This talk will present the Popcorn Linux infrastructure, composed of compiler/operating system/virtualization support to enable application and thread migration across cores or machines of different Instruction-Set-Architecture.

Abstract

The Popcorn Linux project (http://www.popcornlinux.org/) aims to help developers, system administrators, and users reap the performance and energy consumption benefits of heterogeneous hardware using highly programmable shared-memory programming languages like C and C++. Popcorn Linux targets OS-capable processors, including clusters of machines equipped with CPUs of different Instruction Set Architectures (ISAs), as well as future Chip Multiprocessors integrating cores of multiple ISAs. Popcorn Linux aims to reach this objective while still maintaining high programmability, i.e. without requiring modification of existing application code.

To achieve this goal, a cornerstone of our work is to enable migration of C/C++ applications from one ISA to another. Popcorn Linux currently implements this feature between the x86-64 and ARM64 ISAs, using a compiler toolchain (based on LLVM) which produces multi-ISA binaries, a distributed operating system (based on Linux), and a set of components which transform the state of an application from one ISA to the other at runtime. Taken together, this infrastructure enables POSIX/OpenMP C/C++ applications, including legacy code, to transparently execute in multi-ISA environments with little architecture-specific code, allowing high performance and energy gains.

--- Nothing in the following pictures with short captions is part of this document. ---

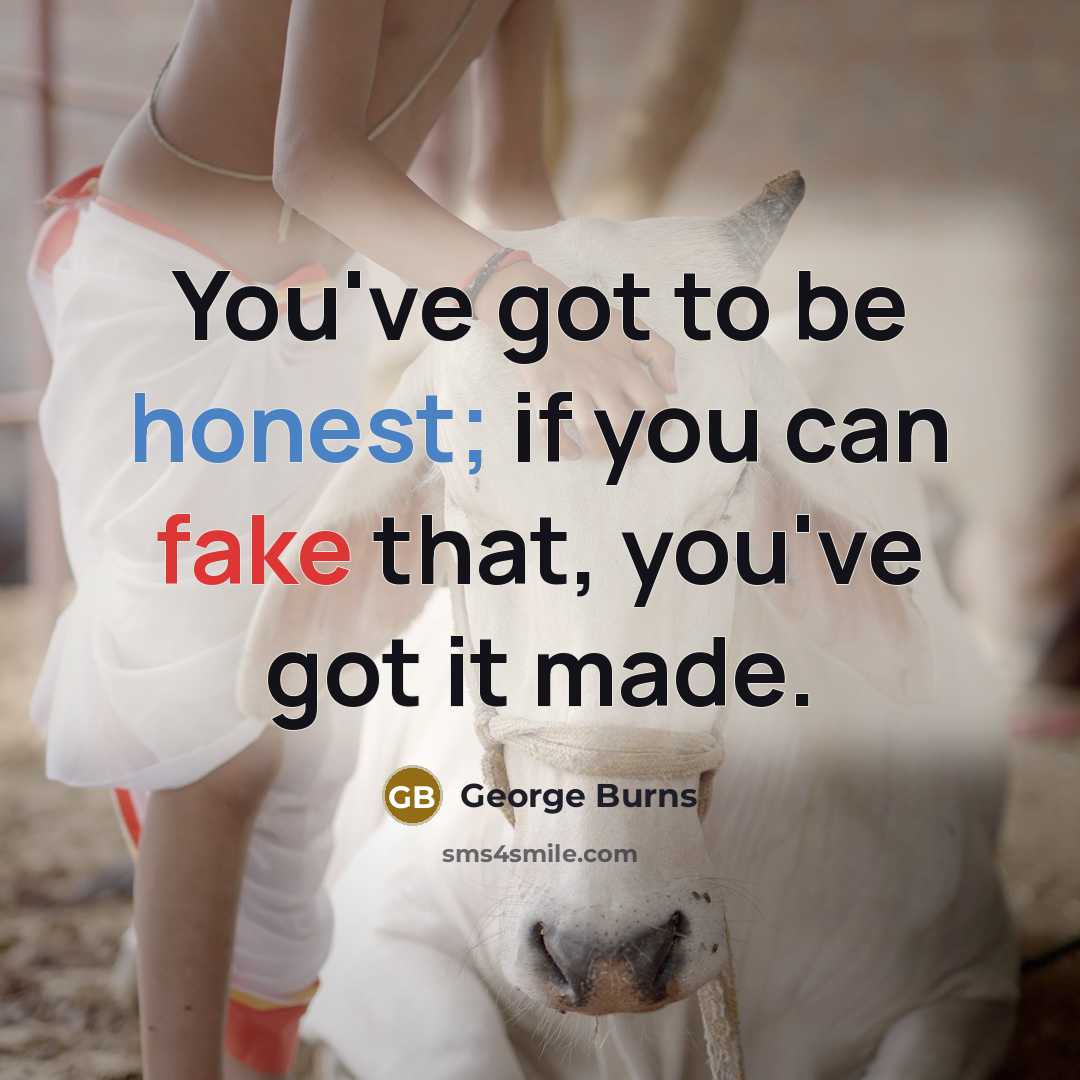 “You've got to be honest; if you can fake that,…” quote by George Burns
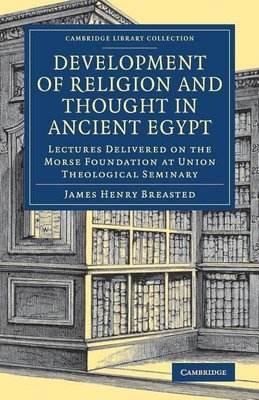Development of Religion and Thought in Ancient Egypt(English, Paperback, Breasted James Henry)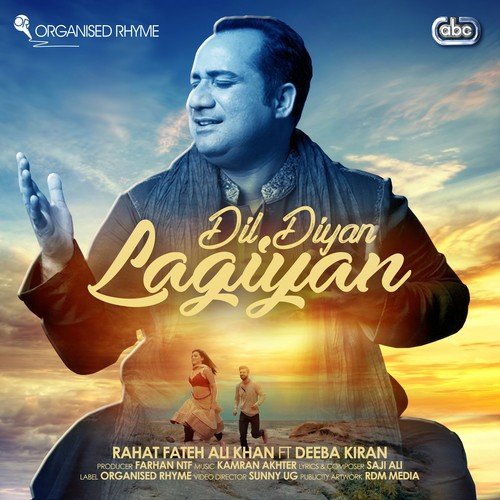 Dil Diyan Lagiyan Rahat Fateh Ali Khan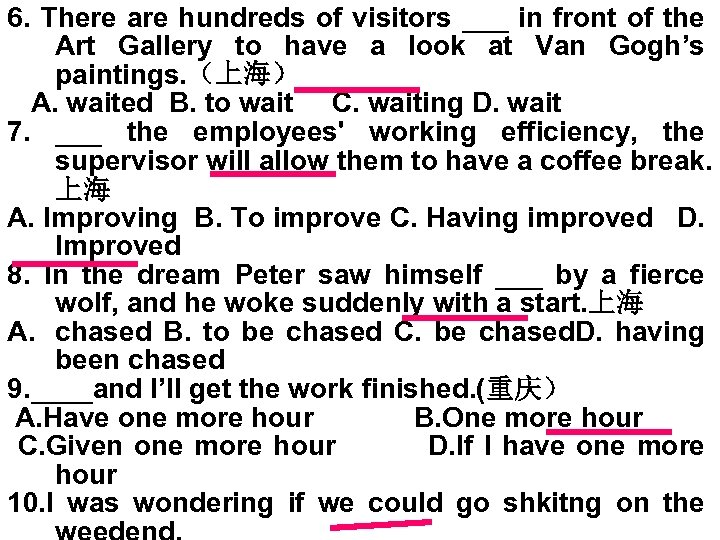 6. There are hundreds of visitors ___ in front of the Art Gallery to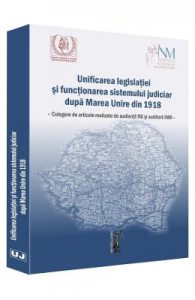 Unificarea legislatiei si functionarea sistemului judiciar dupa Marea Unire din 1918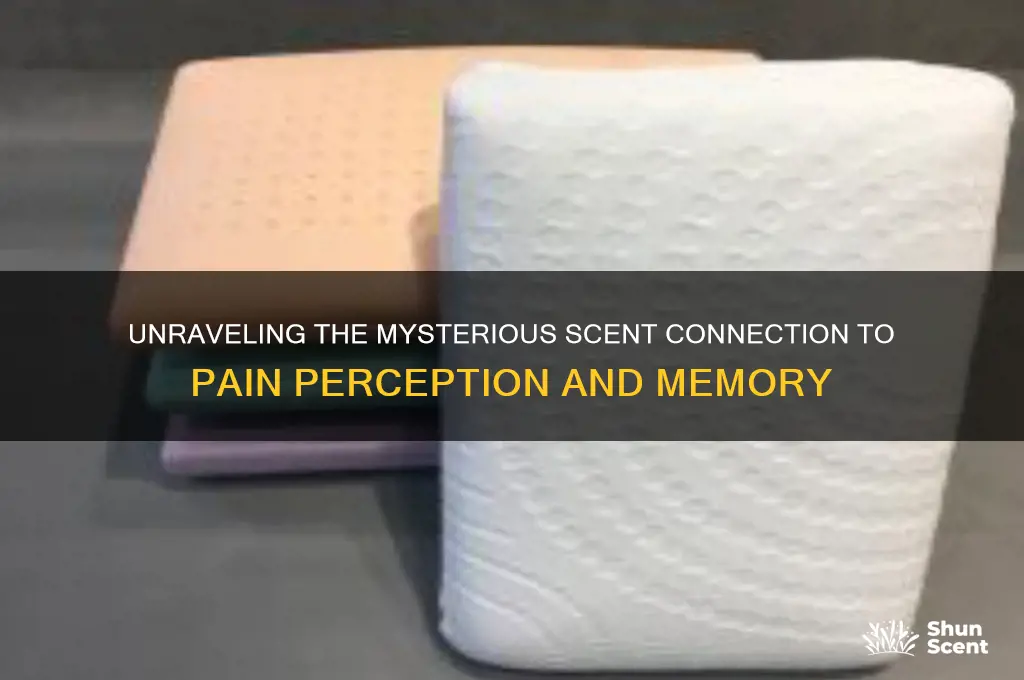 what scent is associated with pain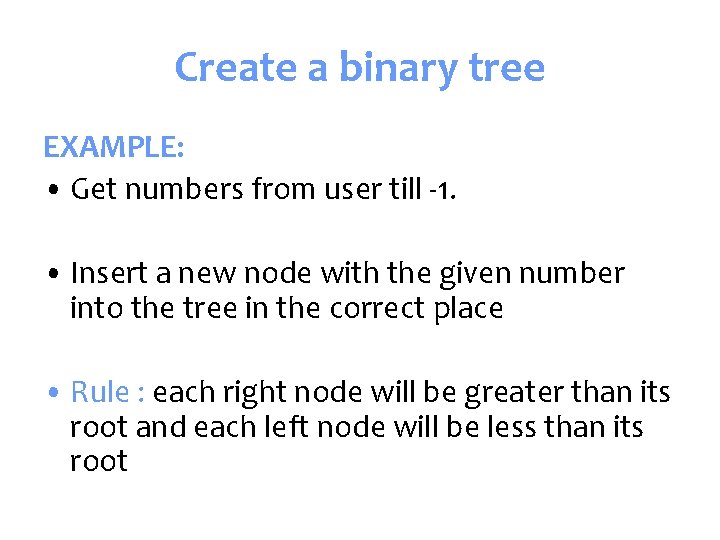 Create a binary tree EXAMPLE: • Get numbers from user till -1. • Insert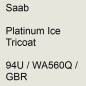 Preview: Saab, Platinum Ice Tricoat, 94U / WA560Q / GBR.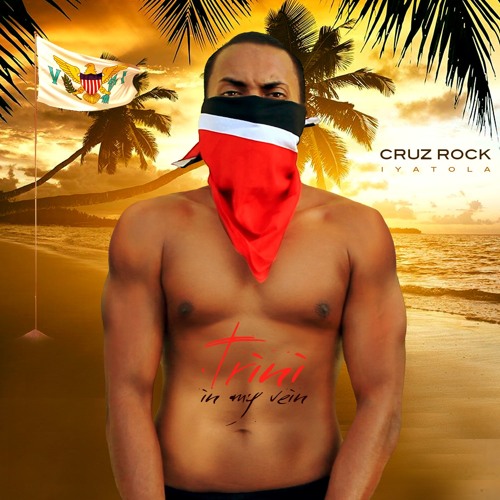 Cruz Rock - Trini In My Vein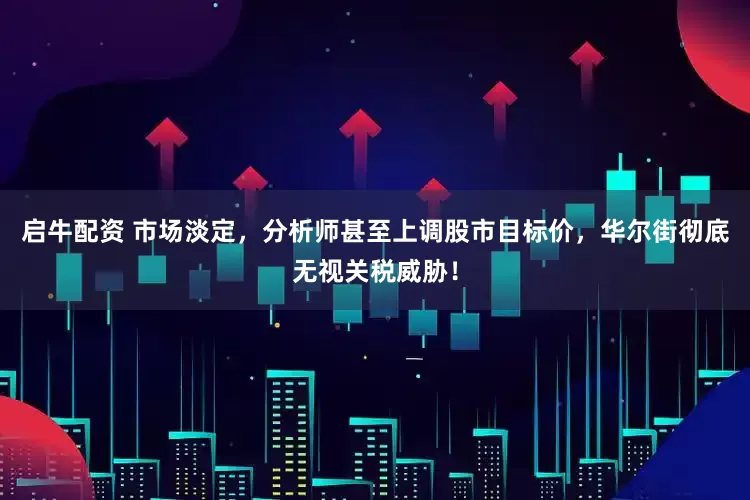 启牛配资 市场淡定，分析师甚至上调股市目标价，华尔街彻底无视关税威胁！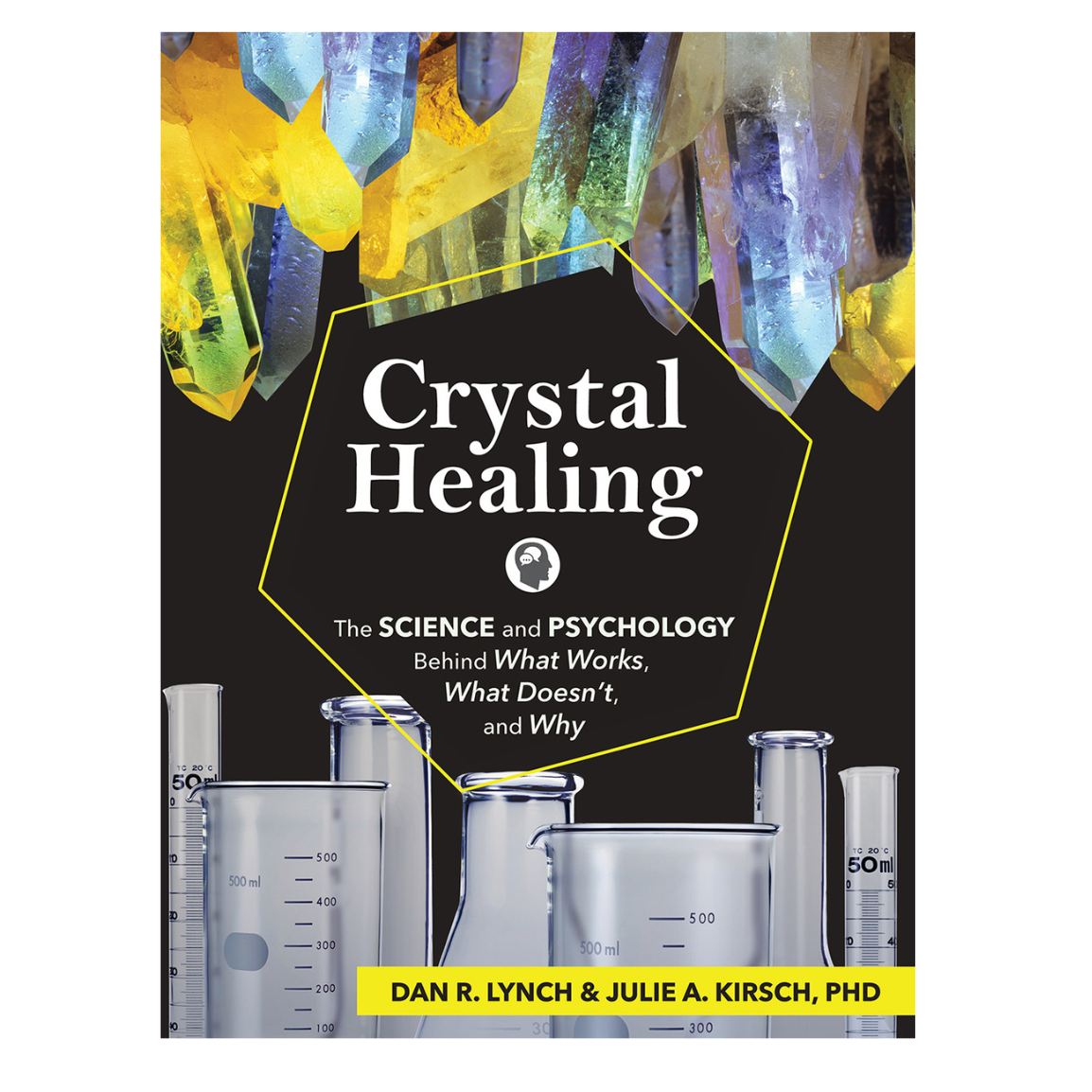 Crystal Healing: The Science & Psychology Behind What Works, What Doesn't, and Why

The first part of the talk will put the focus on the compiling infrastructure and present more generally the current implementation of our Arm64/x86-64 migration setup. The second part of the talk will depict the design and implementation of an in-kernel distributed shared memory system to ease thread migration. Finally, the third part of the talk will present ongoing work related
to migration of simple virtual machines (unikernels) across ISAs.

Tags

Heterogeneous Computing, Application/thread Migration

Speakers

  • Sang-Hoon Kim

    Virginia Tech

    Biography

    Dr. Sang-Hoon Kim is a Postdoctoral Associate at the Bradley Department of Electrical and Computer Engineering at Virginia Tech, and have been working with Dr. Ravindran from 2016 fall. Before joining Virginia Tech, he received his Ph.D. in Computer Science from Korea Advanced Institute of Science and Technology (KAIST) in 2016. His doctoral dissertation focuses on the memory management in mobile devices. His research interest includes the storage systems and distributed systems as well as memory systems, and he published the work to high-ranked international conferences and journals. Before starting his Ph.D., he worked for start-up companies to build network intrusion detecting systems (IDS) that were deployed to commercial data centers and Korea government organizations.

  • Rob Lyerly

    Virginia Tech

    Biography

    I am an enthusiastic and hardworking student who is constantly exploring new technologies in computer engineering & science. While I have many broad interests in computing, my heart lies at the intersection of hardware and software – namely Computer Systems and Systems Software, ranging from operating systems & runtimes to compilers & heterogeneous architectures. I am currently working towards earning my Ph.D. in Computer Engineering at Virginia Tech.

  • Pierre Olivier

    Virginia Tech

    Biography

    I am a Postdoctoral Associate working in the Electrical and Computer Engineering department at Virginia Tech. My main topic of research concerns Operating Systems. More precisely, I am working on virtualization on the topic of Unikernels in various environments (Xen/Kvm).